◆ **REQUIREMENT**
All of the data must be retyped exactly, with nothing left out.

◆ **INPUT FOR THIS TASK**
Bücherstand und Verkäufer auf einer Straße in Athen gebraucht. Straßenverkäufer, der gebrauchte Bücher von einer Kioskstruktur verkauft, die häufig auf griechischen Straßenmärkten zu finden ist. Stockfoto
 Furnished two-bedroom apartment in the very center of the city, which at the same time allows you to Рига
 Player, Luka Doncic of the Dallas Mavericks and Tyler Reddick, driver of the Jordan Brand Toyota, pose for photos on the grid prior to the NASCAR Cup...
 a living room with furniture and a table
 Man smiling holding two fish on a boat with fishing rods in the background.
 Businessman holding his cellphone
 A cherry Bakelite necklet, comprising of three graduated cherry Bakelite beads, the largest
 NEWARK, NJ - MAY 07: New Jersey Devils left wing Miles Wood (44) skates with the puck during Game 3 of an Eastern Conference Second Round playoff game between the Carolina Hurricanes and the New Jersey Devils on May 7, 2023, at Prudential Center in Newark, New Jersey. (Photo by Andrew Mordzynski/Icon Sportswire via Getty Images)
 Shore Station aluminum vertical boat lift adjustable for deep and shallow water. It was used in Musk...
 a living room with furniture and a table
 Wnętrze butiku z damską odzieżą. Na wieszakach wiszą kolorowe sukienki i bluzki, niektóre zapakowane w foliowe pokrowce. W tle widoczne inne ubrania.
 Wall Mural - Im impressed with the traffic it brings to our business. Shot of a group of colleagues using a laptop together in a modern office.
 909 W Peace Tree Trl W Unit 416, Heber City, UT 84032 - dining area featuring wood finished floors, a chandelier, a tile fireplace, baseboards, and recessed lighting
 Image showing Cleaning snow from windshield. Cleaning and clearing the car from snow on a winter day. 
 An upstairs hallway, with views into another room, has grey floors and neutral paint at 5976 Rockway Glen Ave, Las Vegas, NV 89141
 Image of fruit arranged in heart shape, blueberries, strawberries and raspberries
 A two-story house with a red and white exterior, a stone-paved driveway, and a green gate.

◆ **TASK SOLUTION**
Bücherstand und Verkäufer auf einer Straße in Athen gebraucht. Straßenverkäufer, der gebrauchte Bücher von einer Kioskstruktur verkauft, die häufig auf griechischen Straßenmärkten zu finden ist. Stockfoto
 Furnished two-bedroom apartment in the very center of the city, which at the same time allows you to Рига
 Player, Luka Doncic of the Dallas Mavericks and Tyler Reddick, driver of the Jordan Brand Toyota, pose for photos on the grid prior to the NASCAR Cup...
 a living room with furniture and a table
 Man smiling holding two fish on a boat with fishing rods in the background.
 Businessman holding his cellphone
 A cherry Bakelite necklet, comprising of three graduated cherry Bakelite beads, the largest
 NEWARK, NJ - MAY 07: New Jersey Devils left wing Miles Wood (44) skates with the puck during Game 3 of an Eastern Conference Second Round playoff game between the Carolina Hurricanes and the New Jersey Devils on May 7, 2023, at Prudential Center in Newark, New Jersey. (Photo by Andrew Mordzynski/Icon Sportswire via Getty Images)
 Shore Station aluminum vertical boat lift adjustable for deep and shallow water. It was used in Musk...
 a living room with furniture and a table
 Wnętrze butiku z damską odzieżą. Na wieszakach wiszą kolorowe sukienki i bluzki, niektóre zapakowane w foliowe pokrowce. W tle widoczne inne ubrania.
 Wall Mural - Im impressed with the traffic it brings to our business. Shot of a group of colleagues using a laptop together in a modern office.
 909 W Peace Tree Trl W Unit 416, Heber City, UT 84032 - dining area featuring wood finished floors, a chandelier, a tile fireplace, baseboards, and recessed lighting
 Image showing Cleaning snow from windshield. Cleaning and clearing the car from snow on a winter day. 
 An upstairs hallway, with views into another room, has grey floors and neutral paint at 5976 Rockway Glen Ave, Las Vegas, NV 89141
 Image of fruit arranged in heart shape, blueberries, strawberries and raspberries
 A two-story house with a red and white exterior, a stone-paved driveway, and a green gate.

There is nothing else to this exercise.